Add recovery option for quorum loss.
masnax opened this issue · 2 comments
Similar to LXD's lxd cluster edit
command which can be used to repair a cluster that has lost all but one of its nodes, we need a similar mechanism to modify the local cluster configuration if we have lost quorum.
@MggMuggins As a first step, we should investigate whether go-dqlite supports something similar to lxd cluster edit
and lxd recover-from-quorum-loss
.
lxd recover-from-quorum-loss
currently calls the deprecated Node.Recover
to reset the dqlite raft log with only the current node as a member of the cluster. Microcluster should use ReconfigureMembership
instead.
Node.Recover
and ReconfigureMembership
invoke dqlite_node_recover_ext
. The comment block there indicates that the function should be called exactly once, after which the entire data directory for all remaining dqlite members should be completely replaced by the data dir from the member where dqlite_node_recover_ext
was run.
Unless I'm missing some dqlite/raft behavior/context, this isn't being done for recover-from-quorum-loss
(not an issue for 3-node clusters but anything larger would run into trouble; have anecdotal evidence but haven't actually done it).

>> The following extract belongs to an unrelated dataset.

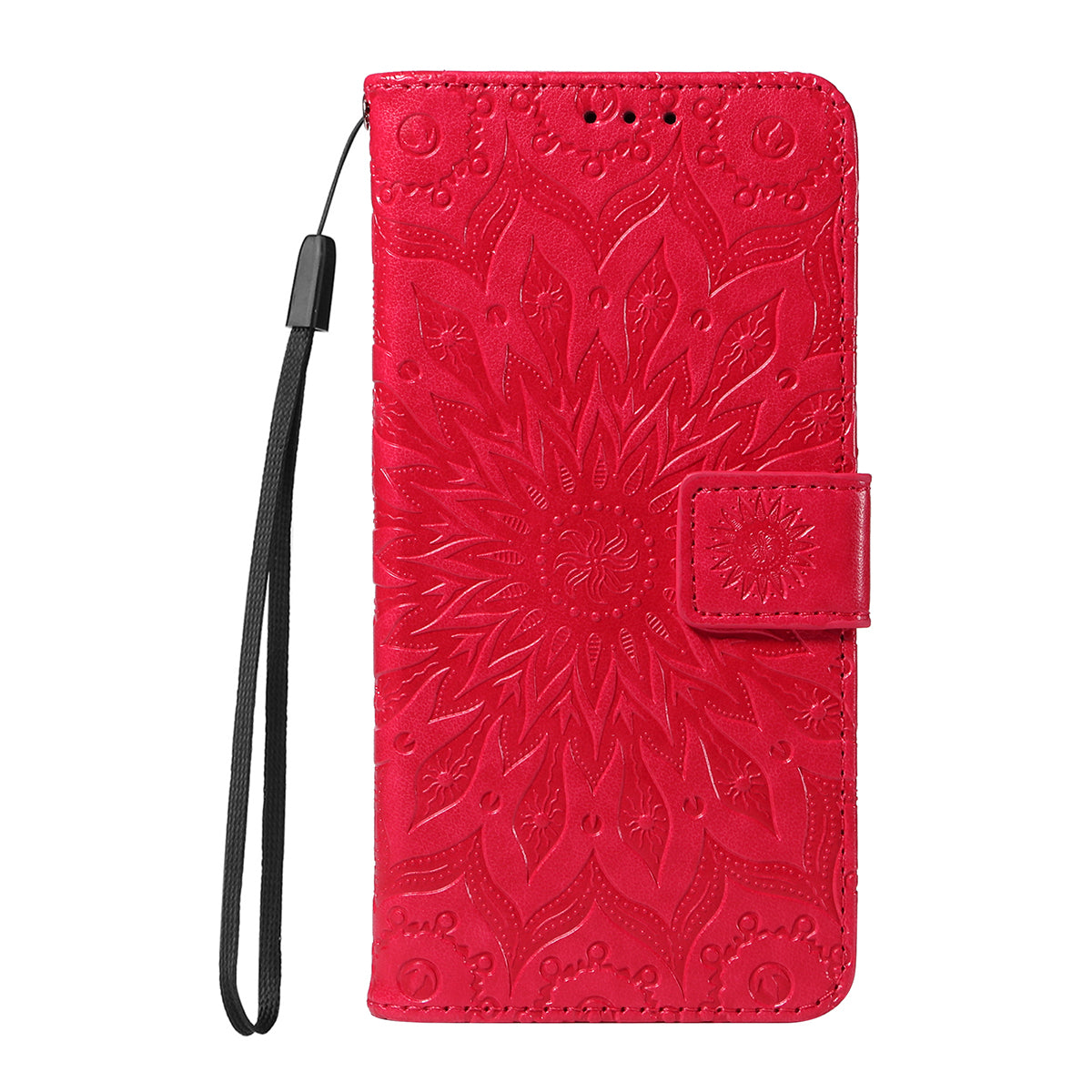 For Oppo Reno14 Pro 5G (China) / Oppo Reno14 Pro 5G (Global) Leather Wallet Case Sunflower Imprinted Phone Cover - Red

The docs for lxd cluster edit
indicate that the same yaml should be applied to all cluster members, not just one. Since removing nodes isn't allowed via edit
, my guess is that performing the edit on all nodes isn't problematic if each member has the same log before they're shut down, but just guessing here.
In terms of what microcluster should do, my feeling is that we should expose the functionality dqlite provides in allowing a reset to retain part of the cluster, something like:
func (m *MicroCluster) RecoverFromQuorumLoss(keepMembers []string) error
and read cluster.yaml
for node IDs etc.
I'm thinking that copying the database dir isn't something we can do in microcluster/microcloud since the DB can't be running during the reset process; I'm happy to be corrected here. Will look more tomorrow.